Right, we’ll get it out of the way nice and early: Balearic is a mindset more than a rigid, definable sound. This church is a broad one, welcoming everyone from Status Quo to The Orb, Marvin Gaye to Dire Straits, the Cocteau Twins to Mike Francis.

Ever since young Brits looking for something outside the 18-30 experience stumbled upon the likes of Alfredo, Jose Padilla, and Ricardo playing anything and everything at Amensia, Ku, and Cafe Del Mar, the UK’s become a home from home for the spirit of Balearic music.

Trapped here under grey skies, we’re constantly questing after those longed-for sunny days that bleed into deep purple nights. We want Harvey or Moonboots transport us into a world where we’re constrained by nothing but our own desires.
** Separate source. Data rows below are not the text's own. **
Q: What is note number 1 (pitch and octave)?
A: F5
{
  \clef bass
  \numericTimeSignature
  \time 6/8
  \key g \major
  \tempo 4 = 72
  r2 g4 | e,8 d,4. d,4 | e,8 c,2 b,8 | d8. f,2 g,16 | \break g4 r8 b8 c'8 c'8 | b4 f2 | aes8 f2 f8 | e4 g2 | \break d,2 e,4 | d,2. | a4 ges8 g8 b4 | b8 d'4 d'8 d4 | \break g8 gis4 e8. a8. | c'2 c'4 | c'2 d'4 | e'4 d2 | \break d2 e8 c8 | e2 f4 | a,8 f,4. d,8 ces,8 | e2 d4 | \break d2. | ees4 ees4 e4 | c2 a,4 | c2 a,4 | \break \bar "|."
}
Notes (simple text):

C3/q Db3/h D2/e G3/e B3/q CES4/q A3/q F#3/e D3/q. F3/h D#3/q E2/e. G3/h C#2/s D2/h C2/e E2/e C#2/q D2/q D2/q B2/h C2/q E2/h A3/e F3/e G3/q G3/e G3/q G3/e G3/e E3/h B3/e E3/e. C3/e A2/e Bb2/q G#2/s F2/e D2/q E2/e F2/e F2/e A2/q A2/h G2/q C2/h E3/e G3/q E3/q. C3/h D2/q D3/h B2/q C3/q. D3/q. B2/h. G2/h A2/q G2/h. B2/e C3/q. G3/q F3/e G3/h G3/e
Join us out here, somewhere between Radio 2 on a Saturday afternoon and the pool at Pikes on a Sunday morning, as we delve into twenty of the best Balearic records to ever come out of this miserable pissy island.

Mark Barrott

Baby Come Home

The International Feel boss is more than aware that the best Balearic records – Let Me In by Mike Francis, say, or Sueno Latino’s Sueno Latino – can leave even the hardiest of party-goers weeping with delight, tears running down their tastefully crumpled linen shirt. A panpipe-heavy lilting groover, Baby Come Home is an almost indescribably perfect piece of music that truly sounds like joy squeezed onto polyvinyl chloride. Play this to a Balearic-sceptic and watch them melt into a puddle of unbridled joy. An unimpeachable modern classic.

Queen

You Don’t Fool Me

Queen are a lot of thing. Irredeemably OTT theatrical cock-rockers; the group responsible for a long-running West End abomination; unlikely Balearic one hit wonders. Yes, you read that right – Freddie, Brian and the other two revealed themselves capable of crafting the kind of creamy (bordering on cheesy) AOR that sounds best when accompanied by a perfectly executed double somersault straight into a strawberry daiquiri. The Balearic mindset: a church so broad that even Queen can be admitted.

Penguin Cafe Orchestra

Air à Danser

Imagine the best day of your life. Waking up late, but not too late, you enjoy a coffee on a balcony, before breaststroking through a calm and considered 40 lengths in an infinity pool that overlooks a pristine and private beach. After a long, languorous lunch of langoustines, you take a lilo out to sea. Hours wash by. A gourmet dinner follows, and drinks follow that, and a nightclub follows still. You feel, for the first time in weeks, months, years, maybe ever, something like contentment. Something like happiness. You feel how this effervescent 1981 screamer sounds.

I-Level

In the River

A Ku classic straight from 1984, this loose, wonked-out, avant-Britfunk mini-masterpiece navigates a rarely mapped territory, somewhere between dub’s austere low-end rumblings and the juicy synthesism of early electro. The result sees the intrepid explorer peering the contours of an slinky number custom-built for the balmiest of evenings. Follow-up single In the Sand is a Lexx favourite, for good reason, too.

Chris Rea

Josephine

The fact that Test Pressing – arguably the best Balearic resource on planet earth, outside of Alfredo’s living room – sell a whole bunch of Chris Rea-related merchandise tells you all you need to know about the gravel-gargling Mackem’s status in the pantheon of sunkissed-soother-merchants, and Josephine is his gold-plated White Isle calling card. An almost absurdly uplifting slice of lithe Radio 2 pop with just enough of a melancholy edge to dispel images of a topless Steve Wright boogying the night away at Amnesia.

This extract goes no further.